[Collection entries]
════════
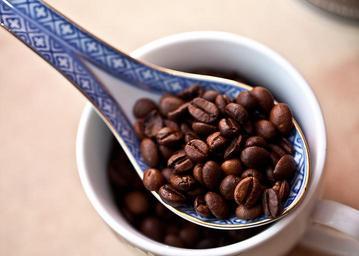 coffee-coffee-beans-grain-coffee-674576.jpg
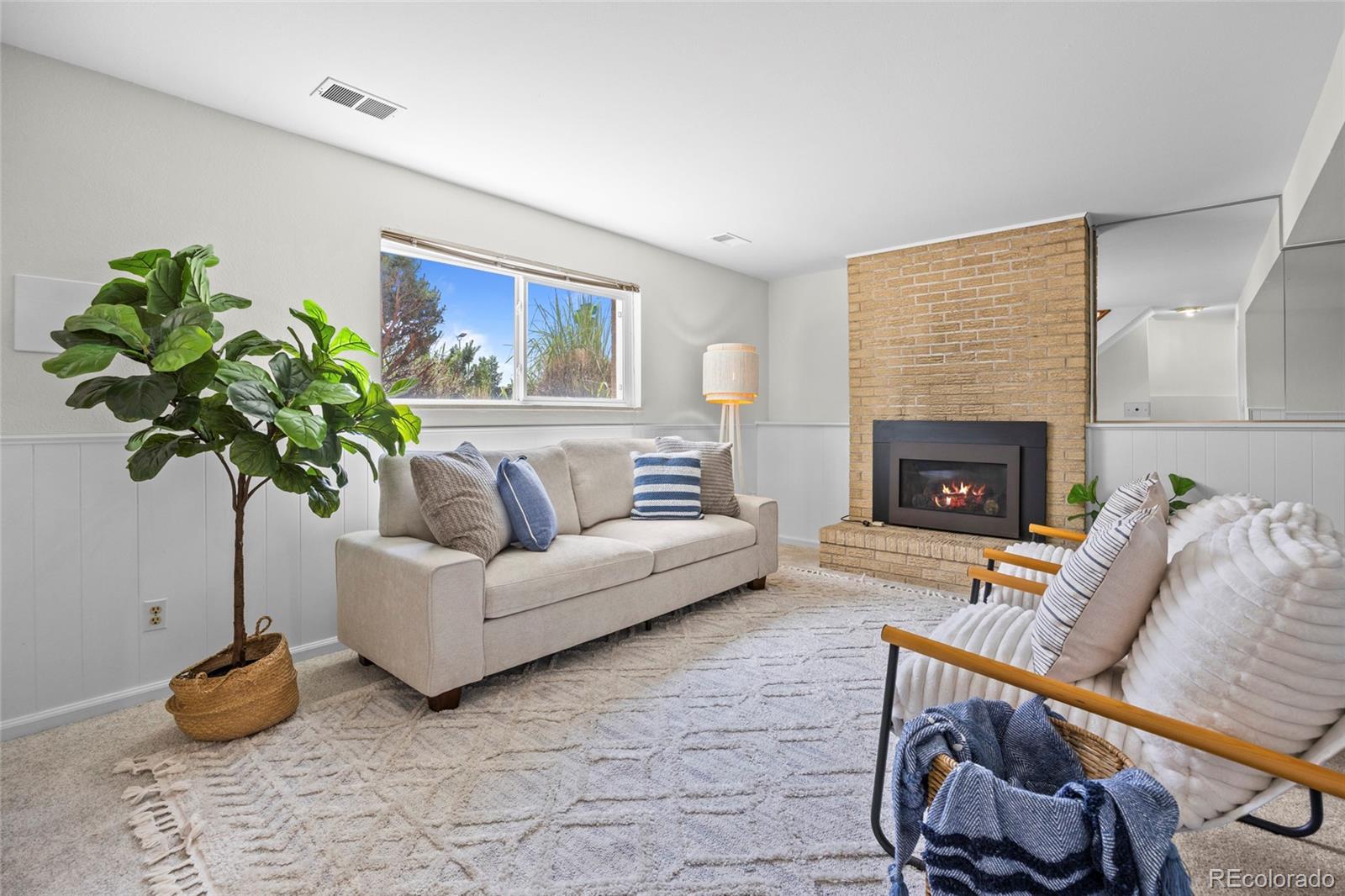 8603 E Dillard Place Denver CO 80231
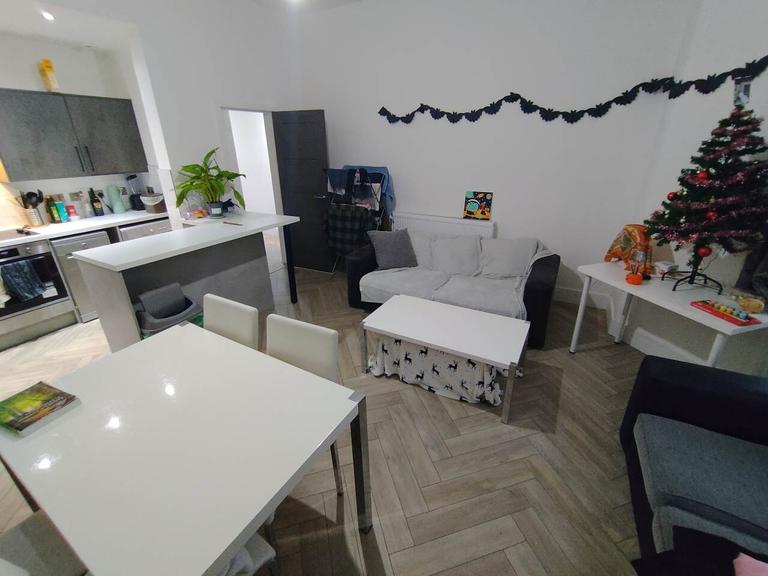 Richmond Road, Roath, Cardiff, CF24 3AY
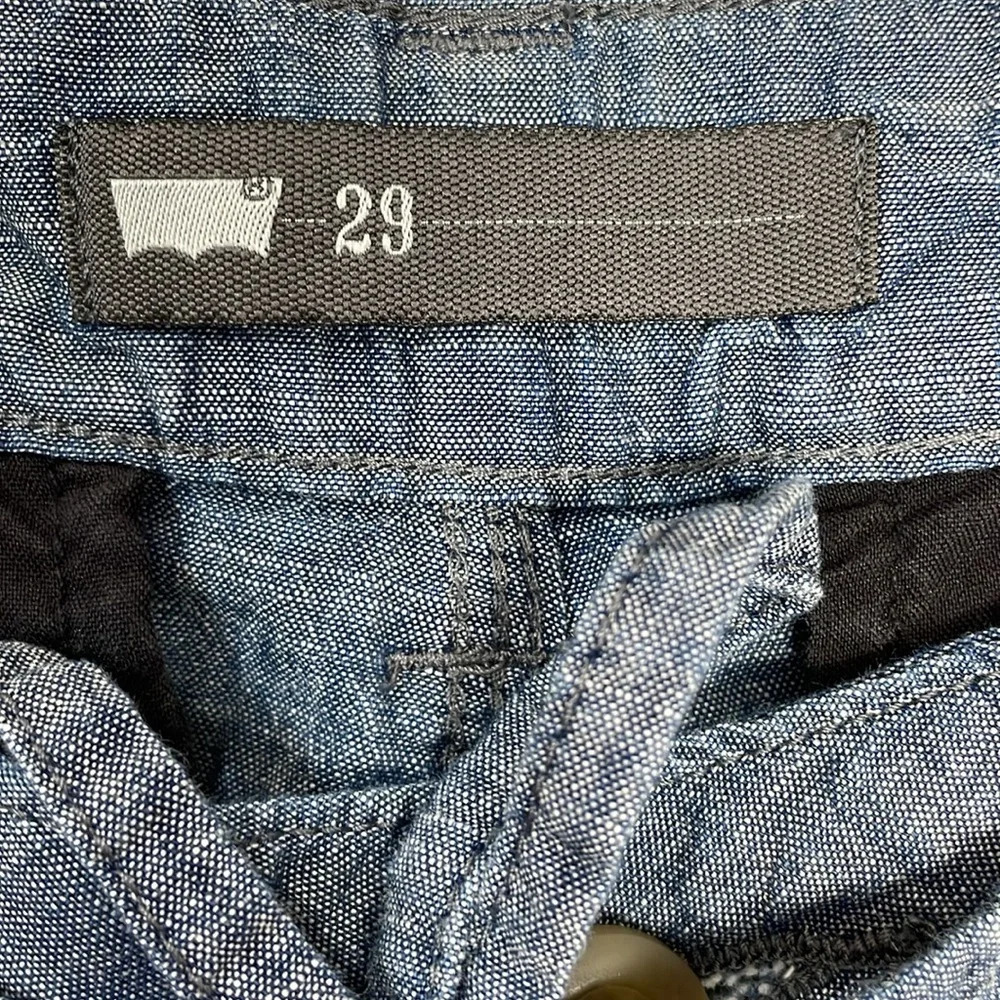 Levi’s Chambray Cuffed Flat Front Drawstring Wais… - image 8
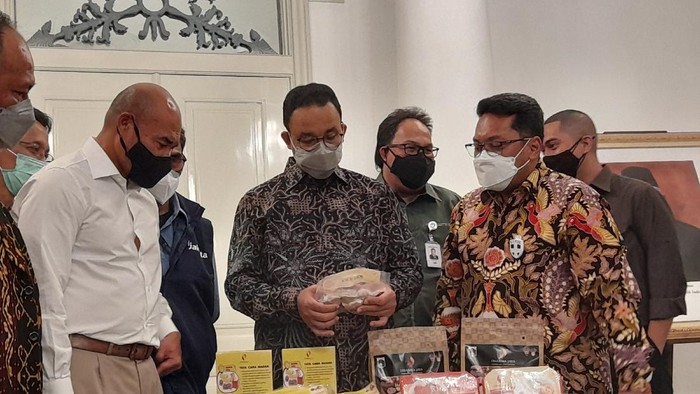 Gubernur DKI Jakarta, Anies Baswedan dan Gubernur NTT, Viktor Laiskodat menyaksikan penandatanganan kerjas sama DKI dan NTT di bidang pasokan daging sapi.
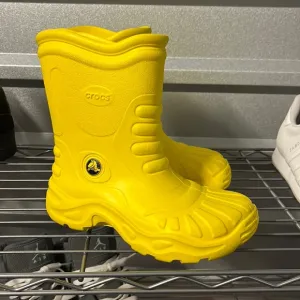 Vingtage Yellow Croc Boots!!!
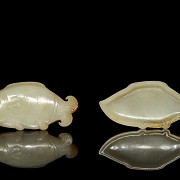 Fish-shaped jade box, Qing dynasty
════════
**Work order**
From the first line to the last, repeat the data above exactly and leave the pictures out.

**Task response**
 coffee-coffee-beans-grain-coffee-674576.jpg
 8603 E Dillard Place Denver CO 80231
 Richmond Road, Roath, Cardiff, CF24 3AY
 Levi’s Chambray Cuffed Flat Front Drawstring Wais… - image 8
 Gubernur DKI Jakarta, Anies Baswedan dan Gubernur NTT, Viktor Laiskodat menyaksikan penandatanganan kerjas sama DKI dan NTT di bidang pasokan daging sapi.
 Vingtage Yellow Croc Boots!!!
 Fish-shaped jade box, Qing dynasty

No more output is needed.